To be frank, there really wasn’t much creativity by the actual team members involved, as the chefs clearly had ideas in mind for what to do. I get why they set it up this way: the vast majority of people who take these classes have little to no experience cooking (New York City is the land of delivery, after all, and here, speed and convenience are king), so it would not be good to have a cooking competition where blind people are leading other blind people on a team. My team had shrimp, Israeli couscous, and string beans. The other team had skirt steak, potatoes, and spinach.
Our chef pretty much said, let’s make a pesto for the shrimp! And let’s also do a roasted tomato and vegetable stock based couscous! And who were we to object? I suggested using the ground coconut for a Kerala string bean sauté; he was not on board with this, and lightly suggested ginger-soy string beans. This excited everyone on the team except me. That just screamed “boring and predictable” to me. The other team ended up making a marinated skirt steak, French fries with rosemary oil, and buttered spinach. And somehow, they won despite how predictable their menu was, that their skirt steak was mostly well done, and at best, medium well in the center. The judges said that the fries were “creative,” but when did French fries become unique?

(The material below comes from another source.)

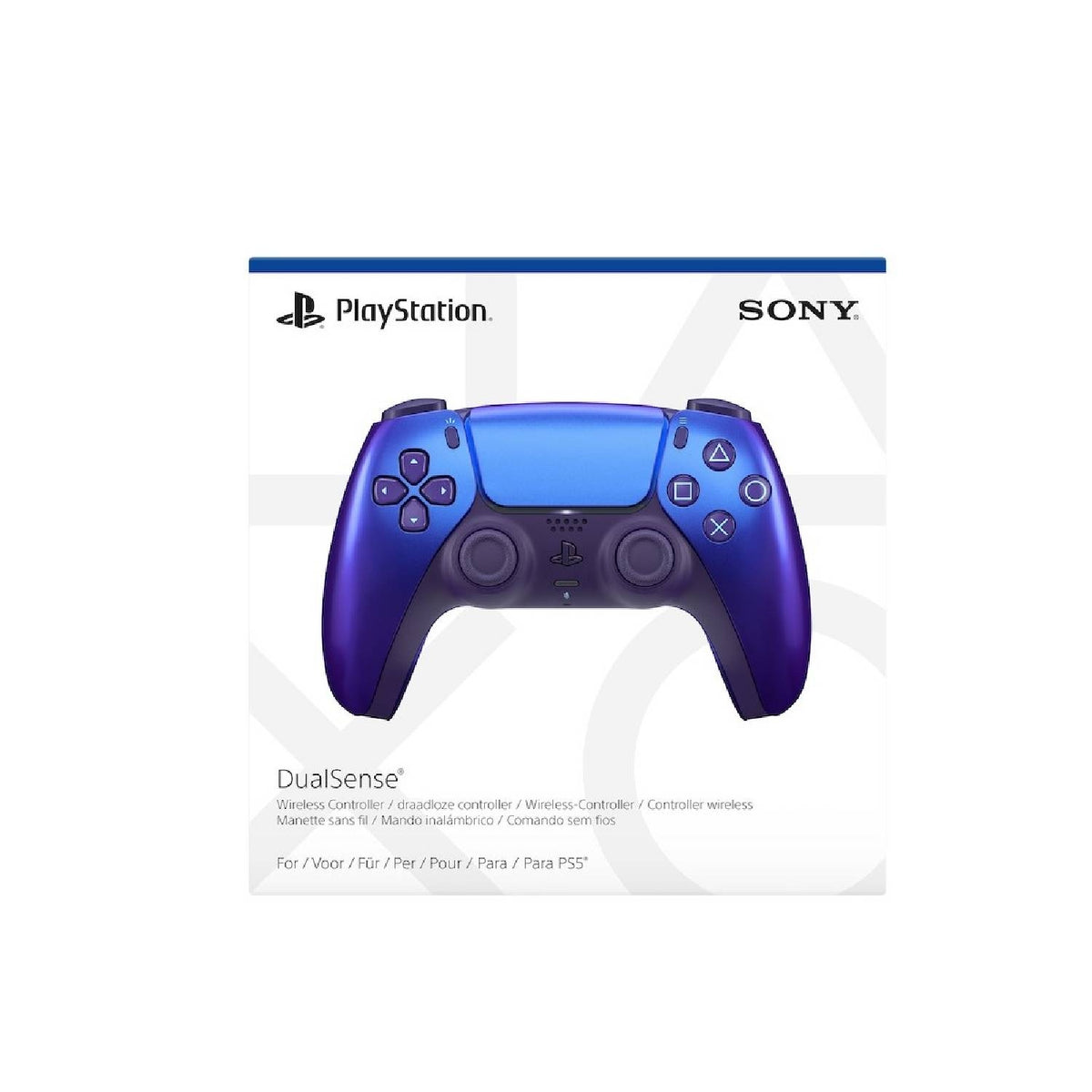 SONY Manette sans fil DualSense Chroma Indigo pour PS5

It was all fun in the end, and it was nice to be able to get out of the office and do something that wasn’t work related. But I didn’t really like that they made it sound like we had free reign to do whatever we wanted with the food and to be rated on our “creativity” when it was clear that we were at the whims of our assigned chefs and not our own minds. In that case, I would have preferred to just have assigned dishes with recipes per team and to eat everything together in the end. It’s either a real competition or not. It’s either with recipes or it isn’t. You shouldn’t have it somewhere in between.